Lake in Arkansas, United States

Lake Chicot (/ˈʃiːkoʊ/ SHE-ko) is a lake adjacent to the Mississippi River. The lake is located on the east side of Lake Village, Arkansas in Chicot County. It is the largest oxbow lake in North America, as well as the largest natural lake in Arkansas.

The name Chicot, French for "stumpy," refers to the many cypress stumps and trees along the lake banks. The lake is approximately 0.75 mi wide and 21–22 mi long from end to end.

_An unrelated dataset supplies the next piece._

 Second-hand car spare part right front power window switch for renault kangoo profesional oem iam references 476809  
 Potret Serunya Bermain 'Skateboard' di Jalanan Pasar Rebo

The Arkansas Department of Parks and Tourism operates Lake Chicot State Park on the northern end of the lake, which includes fishing, boating, and camping facilities, as well as a wildlife museum. Chicot County also operates a county park on the eastern side of the lake across from Lake Village.

==Activities==
Fishing

When the dam at Cornerly Bayou was destroyed in a flood in 1927, silt and mud came pouring into the southern end of the lake. The pollution of the southern part of the lake eventually killed off the bass population. The upper part of the lake was protected by a dam, so it remained clean and protected. In 1968, the Arkansas Game and Fish Commission, U.S. Army Corps of Engineers, and Chicot County Rural Development Authority began to restore Lake Chicot to its original state. The groups decided to drain the water off the polluted section of the lake to compress sediment on the bottom, and plant vegetation that would provide a stable environment for fish species. The southern part of Lake Chicot was restocked, and has become a stable ecosystem. Fish species that can be caught in the lake include: bluegills, channel catfish, largemouth bass, hybrid striper bass, crappie, redear sunfish, and bream.

Boating

Lake Chicot State Park contains a marina and boat launches at Lake Chicot Park, Jack R. Rhodes Lake Front Park in downtown Lake Village, and the Chicot County Park.

Lake Chicot State Park

The park contains bottomland hardwoods and intersects the Mississippi Flyway. Visitors engage in hiking, camping, boating, and birdwatching. There are 122 campsites and 14 cabins located in Lake Chicot State Park.

== History ==
In the 1820s, the land around Lake Chicot (also known as "Old River Lake") began to be filled with American settlers. At this time, cotton farms worked by slaves were common in the land surrounding the lake. One particular cotton plantation of note was the Sunnyside Plantation, located on the shores of Lake Chicot. Sunnyside was created in the 1830s, and became the home of an Italian immigrant colony. In the mid 1800s Chicot County's population was 9,234, and of that number 7,512 were slaves.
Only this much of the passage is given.